==== LISTED ENTRIES
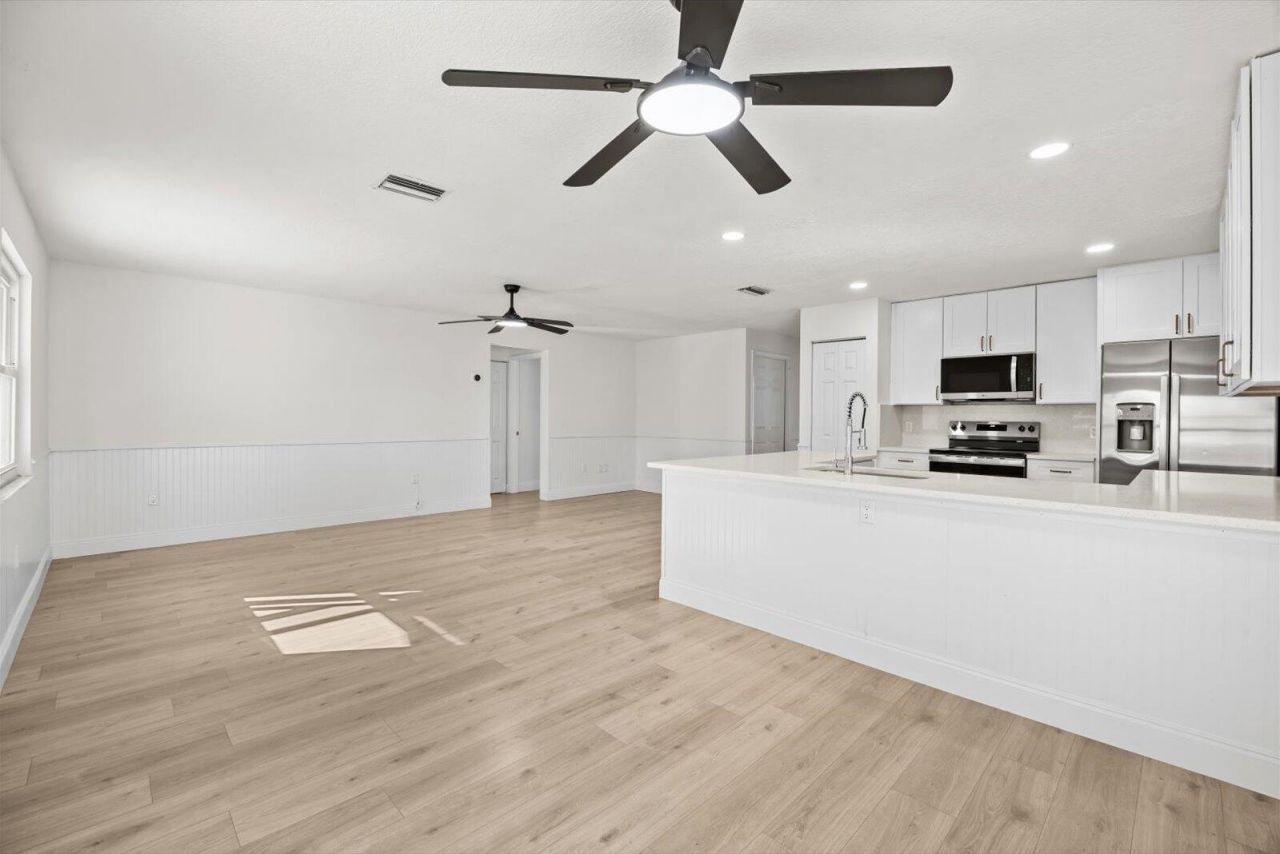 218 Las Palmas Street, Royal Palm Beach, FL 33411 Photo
========
==== LISTED ENTRIES
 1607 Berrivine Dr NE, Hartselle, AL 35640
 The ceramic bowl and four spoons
========
• WORK TASK:
Out of the listing above, reproduce exactly the lines from the one with "1607 Berrivine Dr NE, Hartselle, AL 35640" up to and including the one with "The ceramic bowl and four spoons".

• REPLY TO THE TASK:
 1607 Berrivine Dr NE, Hartselle, AL 35640
 The ceramic bowl and four spoons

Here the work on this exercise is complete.